Mariano Rivera came on in the tenth and the Sox again got a runner into scoring position. Ramirez singled, was erased in a forceout, and then Jason Varitek got picked off of first. But Lee's throw to the second base bag went wide left, and Varitek was safe. Fortunately, Millar popped out to Posada to end the inning.
Against Sox relief ace Keith Foulke, the Yanks returned to the infernal sac bunt strategy in the tenth. Ortiz misplayed Bernie's leadoff grounder for an error and then Miguel Cairo, in for Enrique Wilson, moved Williams over. After Jeter grounded out, Matsui walked, and then A-Rod was intentionally walked to load the bases and get to Crosby. Yankee manager Joe Torre countered by calling upon the undead Ruben Sierra (when your OPS is around .400, the zombies have clearly taken over); he could manage only an inning-ending infield grounder.
Rivera loaded the bases in the elevenh with one out but to no ultimate harm, but the Sox finally put over a run in the twelfth off of Paul Quantrill. Manny greeted him with a double off of the right-center wall that appeared to befuddle both Bernie (who looks completely lost on defense these days) and Sheffield. Varitek moved Ramirez over on a grounder. Quantrill hit Millar, and then Bellhorn lofted one into the left-center gap. Bernie made a nice reaching grab, but his weak arm was no match and the Sox third run scored -- all three on sac flies. It turns out that Boston went 0-for-19 on the day with runners in scoring position, the worst such clutch failure in 27 years. It was still too much for the Yanks, who couldn't even get a runner on against Mike Timlin in the twelfth and fell to the Sox yet again.

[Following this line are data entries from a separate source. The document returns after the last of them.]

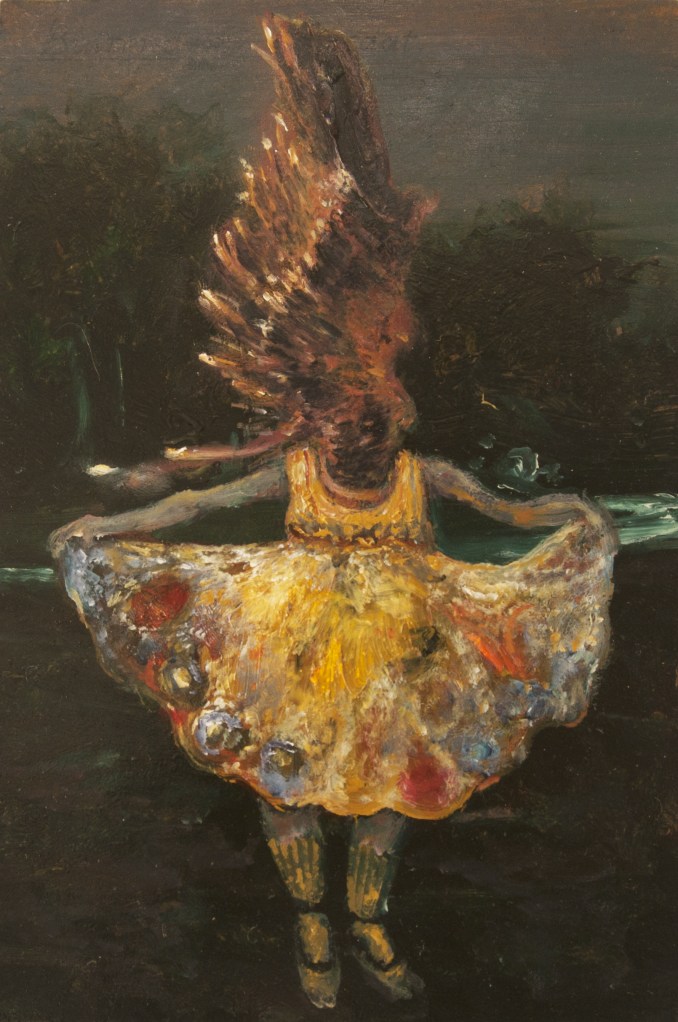 15,5x23,5	My babebel vestito-2013-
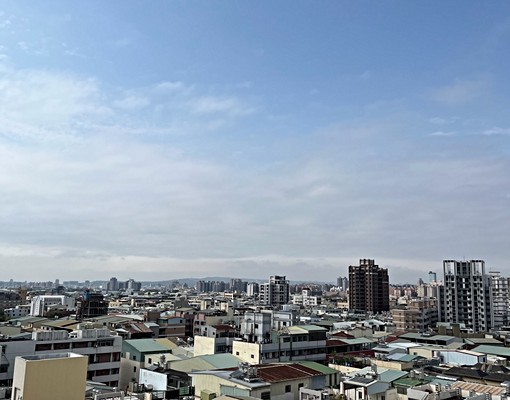 👍溫馨視野附家具👏德芳益民商圈、興大、運動公園 - Image 8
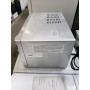 MICRO ONDES HOME HMG23P-11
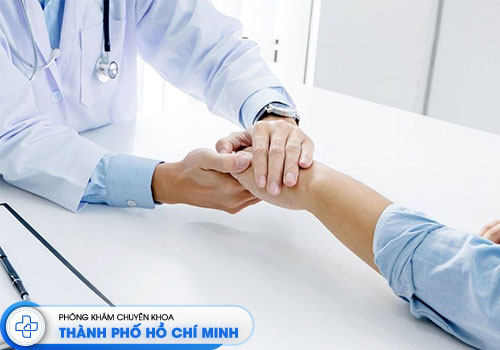 6-phong-kham-nam-khoa-phuong-ben-thanh-tphcm-chat-luong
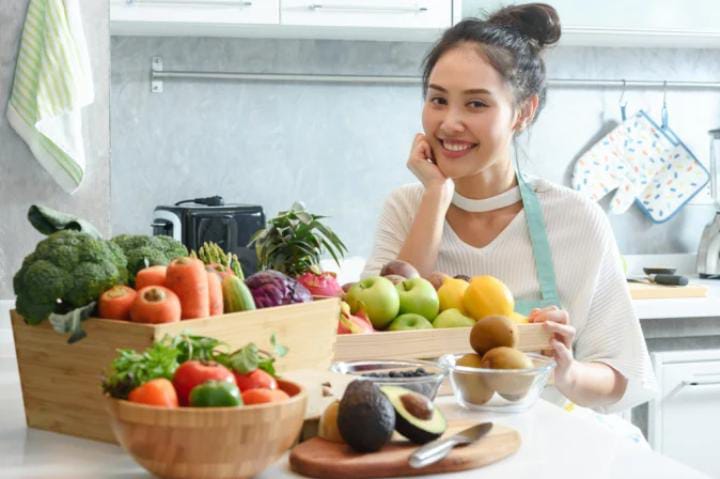 Penderita Diabetes Perlu Hindari Sayuran Ini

The team is now hitting .221/.332/.377. Jeter is 1 for his last 26, hitting a meek .184/.262/.224. Williams is .179/.303/.214. Torre continues to write Wilson's name in the lineup despite a .394 OPS and the fact that Cairo has 4 RBI in his 10 plate appearances, two more than Wilson has in 49. the best hitter on the team, Posada, is stuck batting sixth despite a .745 slugging percentage, a share of the league lead in homers and second in the league in RBI. The next four days find the Yanks facing Pedro and then the big three of the Oakland A's, Tim Hudson, Mark Mulder and Barry Zito. The Yanks are 3.5 games out for the first time in nearly two years, and it may well get worse before it gets better. Enjoy it while you can, Yankee haters.